While overall income per agricultural worker in the EU-25 improved by just 3% during 2004, in the ten accession countries the increase came to 54%.

The Czech Republic topped the ranking with a massive 108% income gain, followed by Poland at 74%.

“These results are excellent news for European farmers, particularly in the new member states,” said agriculture commissioner Mariann Fischer Boel.

“They show that the concerns voiced by some in the lead-up to enlargement were unfounded.”

The main factors behind the increases were a sharp improvement in market conditions, accounting for around 60 % of the rise, and a boost in the level of public support, making up the rest.

According to Eurostat, subsidies to farmers in the ten new member states increased by 244% to around €3bn (£2.1bn), including national top-ups.

Mrs Fischer Boel also expressed satisfaction that farm incomes had made some improvement in the EU-15, rising 0.8% in 2004.

“I‘m delighted that real farm income in the ‘old’ member states has returned to its long-term upward trend,” she said.

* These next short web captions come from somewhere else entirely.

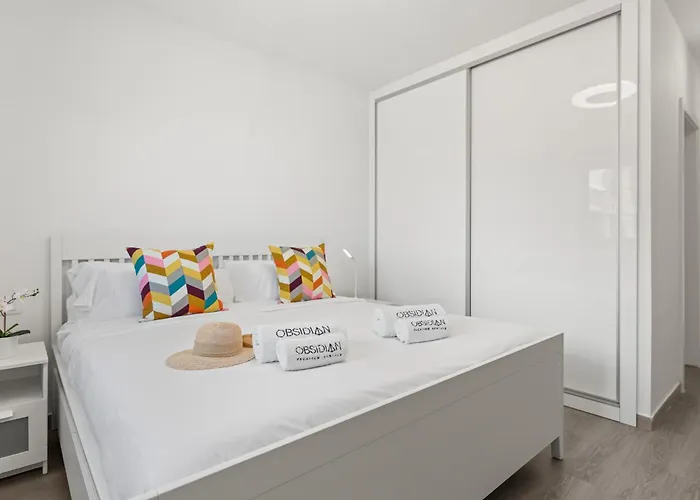 Obsidian Aquarela Apartment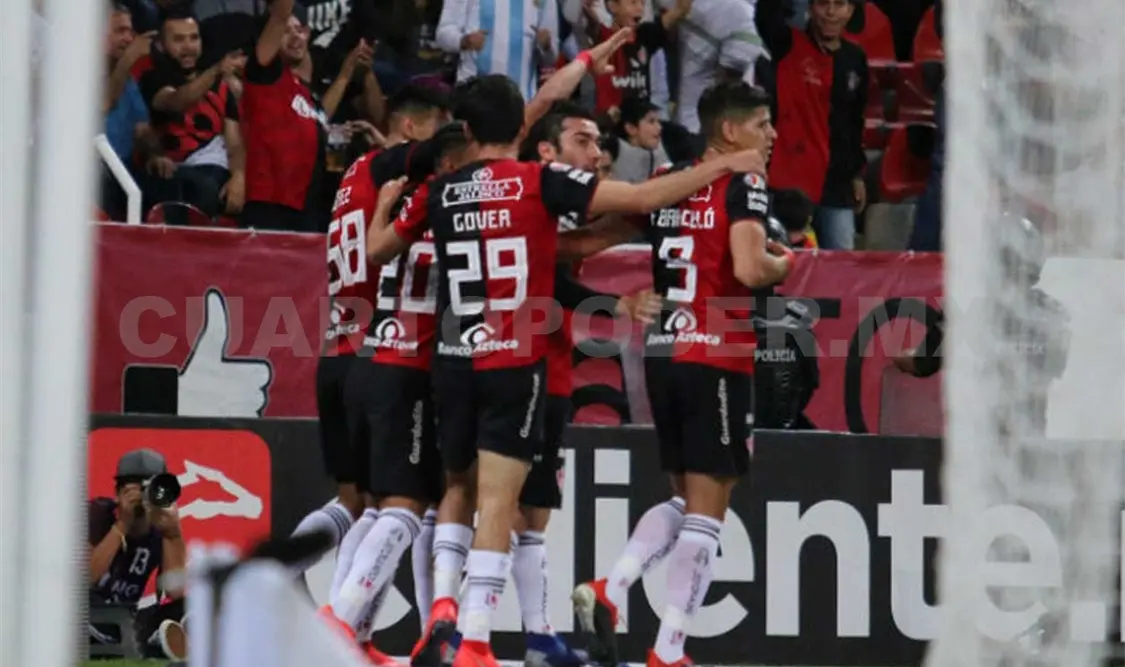 Los Rojinegros llegaron a 13 puntos. Agencias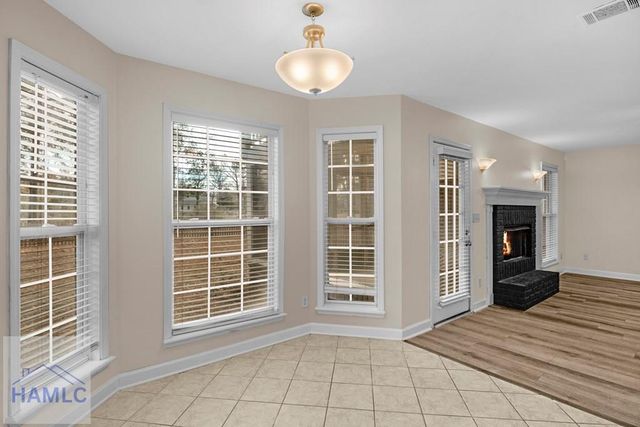 102 Egrets Way Lane, Richmond Hill, GA 31324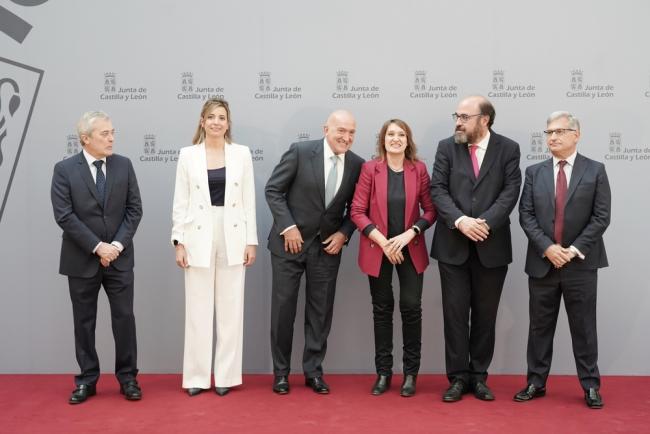 Los consejeros Jesús Julio Carnero (c) y Rocío Lucas (3d) presiden la toma de posesión de cuatro altos cargos de Presidencia el pasado 29 de abril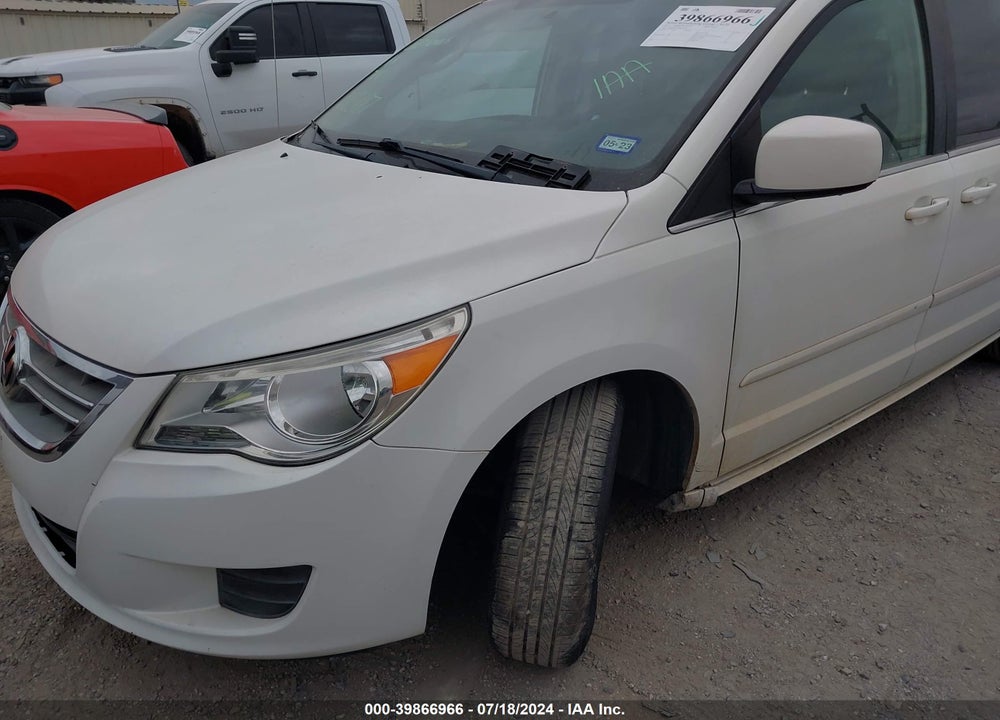 2011 VOLKSWAGEN ROUTAN SE VIN: 2V4RW3DG9BR622187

“I am certain that all EU farmers will be able to build on this success as the new CAP reforms come on stream.”

Of the EU-15 countries, the biggest income gains were posted by Germany (+17%) and Denmark (+12%).

The main factor contributing to the increase was the sharp rise in harvest output, notably for the cereal, oilseed, wine, olive oil and potato sectors.

Total volume of crop production rose by 12.5% which outweighed the decrease in real crop prices (-8.4%).

An increase in the real value of animal production was also recorded, in particular for pork and poultry, up 7% and 4% respectively.

These favorable developments more than offset the strong rise in total input costs linked to the sharp increase in oil prices.